Em segundo lugar, o diploma do PSD prevê uma redução do prazo de conservação dos dados para 12 semanas “a contar da data da conclusão da comunicação”, quando atualmente a lei prevê um ano, salientando que na Alemanha este prazo é atualmente de dez semanas.

  • O que foi apontado no debate de hoje?

O PSD considerou hoje que a proposta do Governo sobre metadados claudica perante a exigência de definição de um novo regime, mas admite uma conciliação com o seu projeto para ultrapassar as inconstitucionalidades da lei de 2008.

Na sua intervenção, o líder parlamentar social-democrata, Paulo Mota Pinto salientou que o PSD apresentou o seu projeto de lei escassas “72 horas” após a declaração de inconstitucionalidade do Tribunal Constitucional relativamente à lei dos metadados de 2008.

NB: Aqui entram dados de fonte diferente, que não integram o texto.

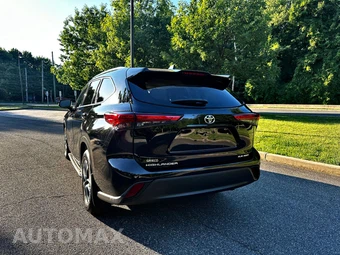 2021 Toyota Highlander XLE - miniatura 7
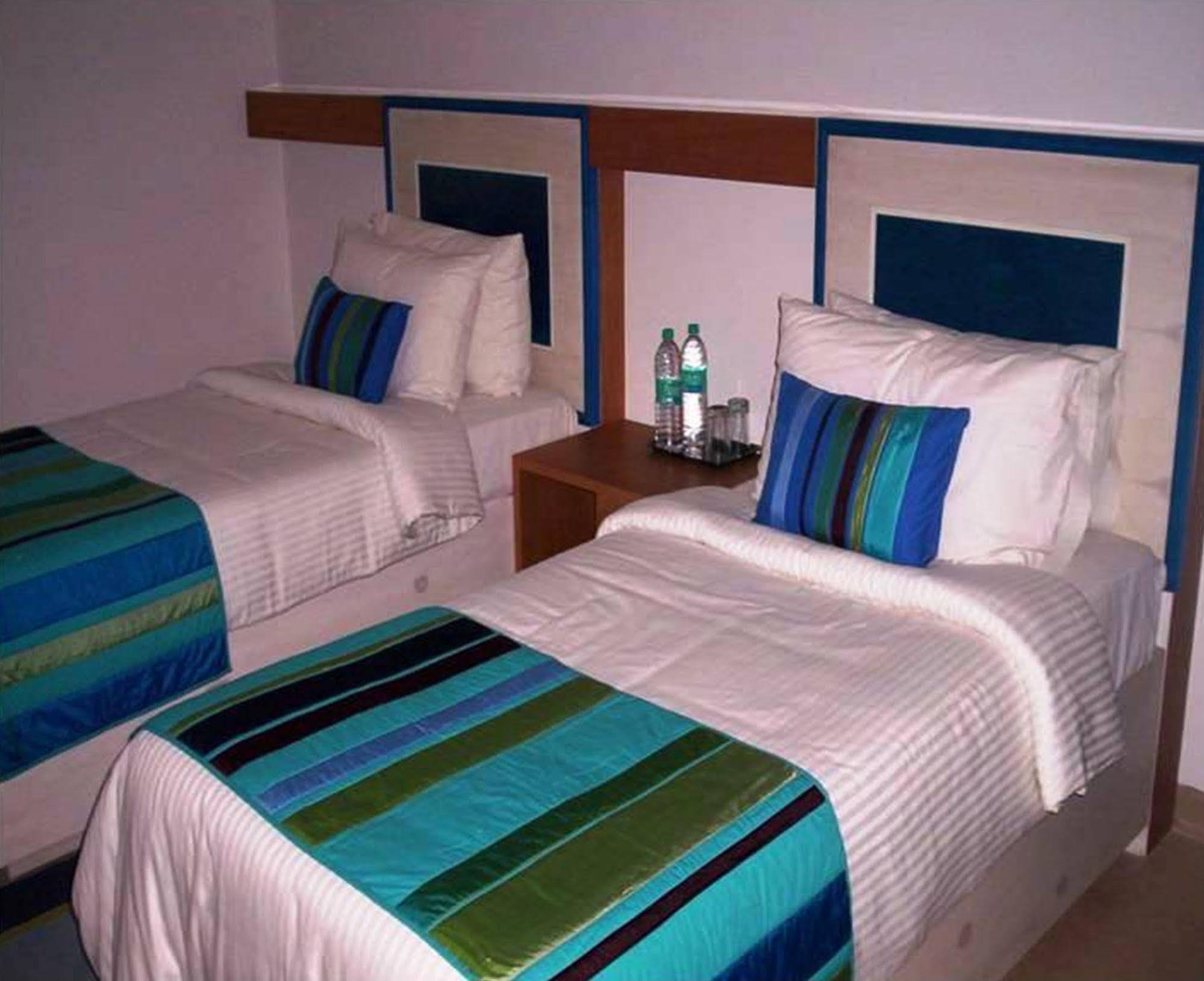 Peerles Sarovar Portico Port Blair Rom bilde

“O PS disse mal da nossa iniciativa, enquanto o Governo, que não atuou sobre esta matéria desde 2016, criou um grupo de trabalho. Agora, a proposta do Governo não pretende expurgar as inconstitucionalidades, antes claudica em relação à necessidade de se definir um regime de preservação de dados para efeitos de investigação criminal”, assinalou.

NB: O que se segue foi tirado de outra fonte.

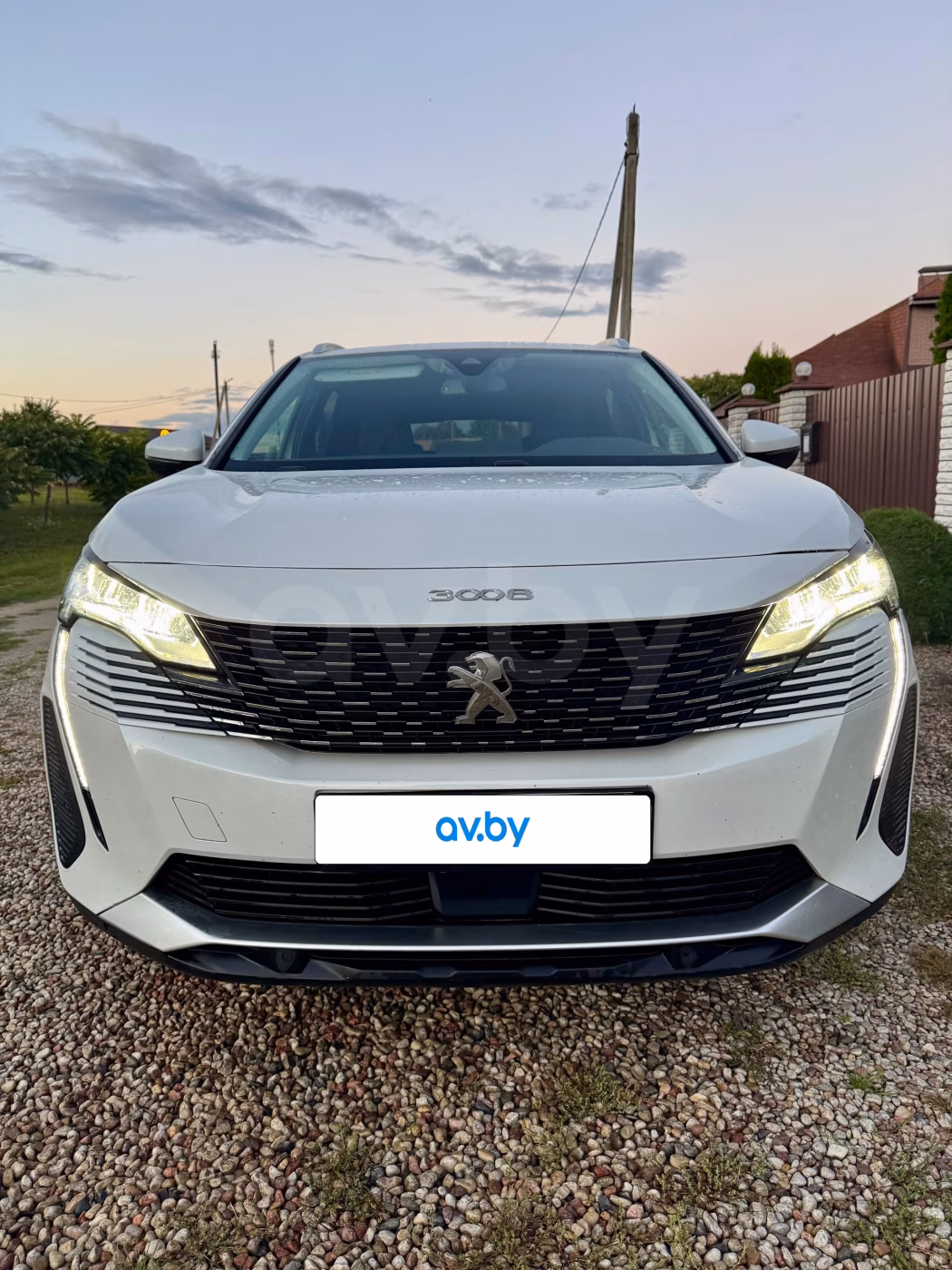 Peugeot 3008 фото 5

Paulo Mota Pinto criticou ainda o Chega por tentar criar “alarmismo social” com o acórdão do Tribunal Constitucional e classificou como “nacionalista” o projeto do PCP, sobretudo pela ideia inerente da obrigatoriedade do armazenamento dos dados em Portugal.

O projeto de lei do PSD prevê a retenção dos dados em Portugal ou na União Europeia, a notificação dos interessados e reduz o prazo de conservação [12 semanas] em conformidade com o princípio da proporcionalidade. Congratulamo-nos por o primeiro-ministro [António Costa], contrariando espíritos da sua bancada do PS, considerar que o diploma do PSD resolve grande parte dos problemas de inconstitucionalidade”, declarou o professor universitário e antigo juiz do Tribunal Constitucional.

Paulo Mota Pinto criticou depois a abordagem da proposta de lei do Governo aprovada no mês passado, dizendo “que abandona o regime dos metadados ao criar um regime autónomo para fins de investigação criminal a dados que são já tratados e conservados pelas operadoras”.

“A proposta do Governo opta por aproveitar os dados conservados pelas operadoras para efeitos de faturação. Ou seja, o Governo prevê a utilização de bases de dados criadas para outro efeito. Institucionaliza uma espécie de desvio de finalidade para a investigação criminal”, criticou.

Mais, de acordo com o presidente da bancada do PSD, prevê o acesso a bases de dados “que são uma criação voluntária das operadoras” e “por tempo incerto”. No entanto, dos pontos de vista político e jurídico, “tendo em conta as possibilidades de aproximação entre diferentes abordagens, designadamente as do PSD e do Governo – ambos podem ser reunidos no mesmo texto -, pensamos que é possível fazer isso na especialidade”, acrescentou Paulo Mota Pinto.

O líder parlamentar do PSD anunciou também que vai avançar com o texto de substituição em relação ao seu projeto de regime de metadados, densificando o ponto relativo à conservação seletiva de dados para efeitos de investigação criminal.

Esta mudança, a operar em sede de especialidade, foi apontada por Paulo Mota Pinto como uma espécie de “chave” para a Assembleia da República ultrapassar a declaração de inconstitucionalidade do acórdão de abril do Tribunal Constitucional relativamente à lei dos metadados de 2008.

“Admitimos a possibilidade de texto de substituição do PSD e uma convergência com a abordagem da proposta de lei do Governo. O princípio da proporcionalidade é compatível com critérios da conservação seletiva, segundo o recente acórdão” do Tribunal de Justiça da União, advogou o professor universitário e antigo juiz do Tribunal Constitucional.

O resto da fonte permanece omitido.